Data provided:
=-=-=
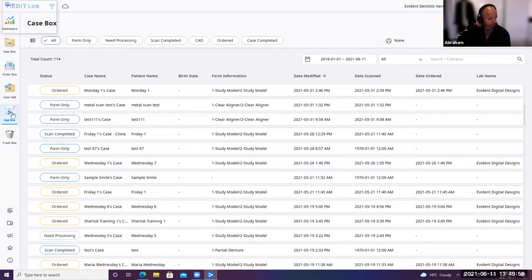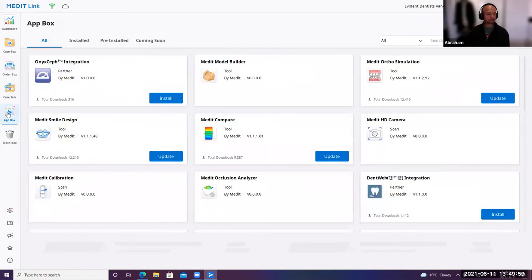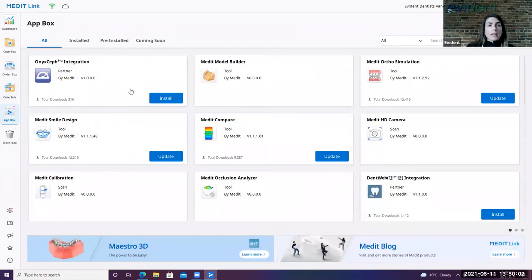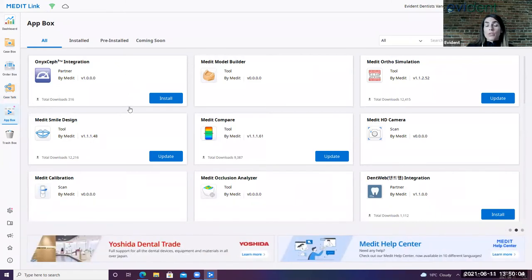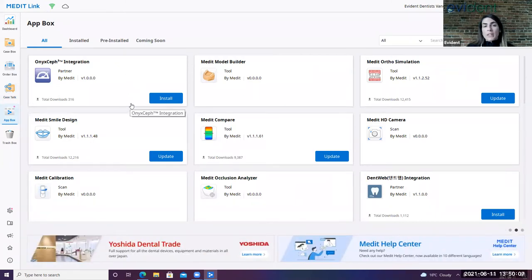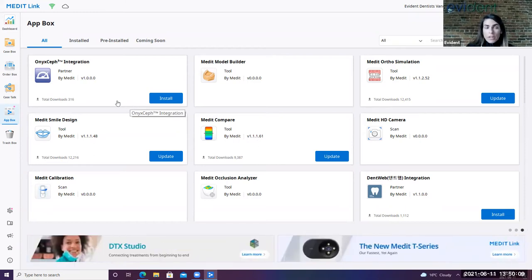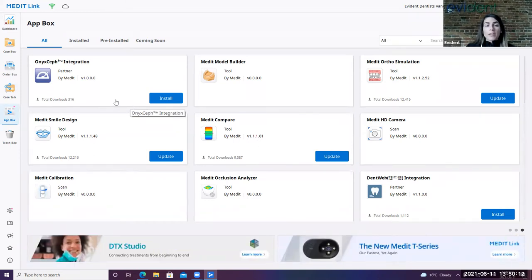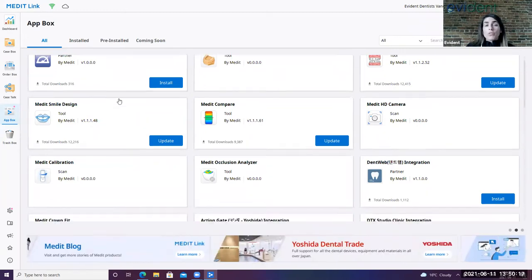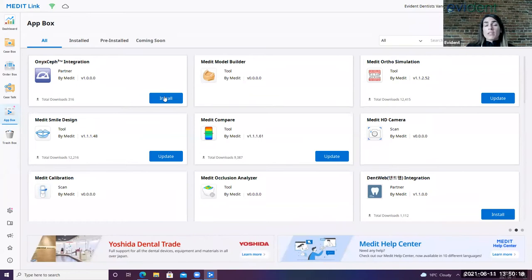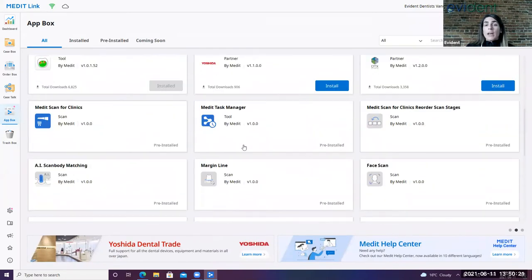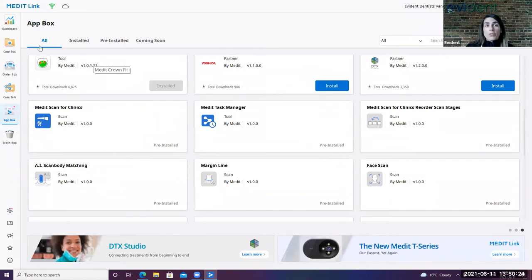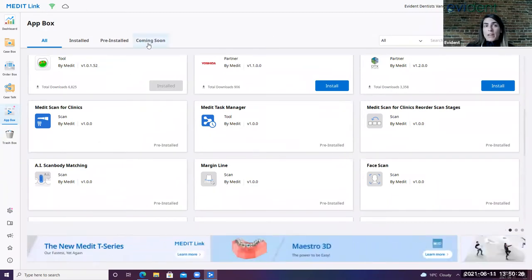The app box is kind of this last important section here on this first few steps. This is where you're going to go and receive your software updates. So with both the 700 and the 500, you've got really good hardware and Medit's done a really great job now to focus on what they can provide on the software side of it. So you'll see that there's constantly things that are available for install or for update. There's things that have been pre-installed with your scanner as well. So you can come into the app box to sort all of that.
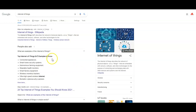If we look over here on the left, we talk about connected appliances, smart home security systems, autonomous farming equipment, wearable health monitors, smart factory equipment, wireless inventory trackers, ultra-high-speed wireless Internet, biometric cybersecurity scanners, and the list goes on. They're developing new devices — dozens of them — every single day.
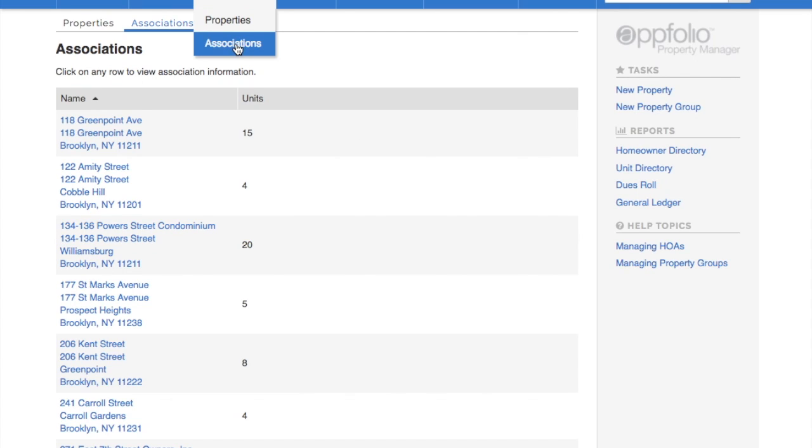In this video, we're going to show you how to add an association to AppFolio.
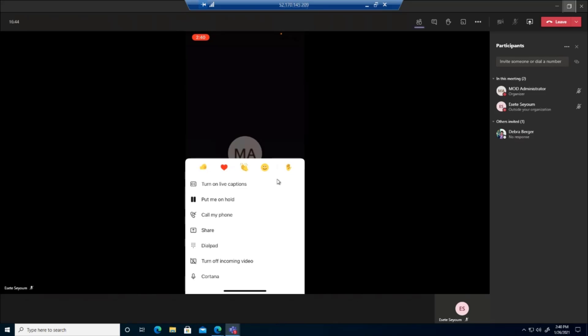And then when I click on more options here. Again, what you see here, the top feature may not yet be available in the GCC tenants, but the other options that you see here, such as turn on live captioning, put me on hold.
=-=-=
Task directions:
Please reproduce the lines above from the one containing "In this video, we're" through the final line, exactly and inclusively, leaving out each picture.

The answer:
In this video, we're going to show you how to add an association to AppFolio.
And then when I click on more options here. Again, what you see here, the top feature may not yet be available in the GCC tenants, but the other options that you see here, such as turn on live captioning, put me on hold.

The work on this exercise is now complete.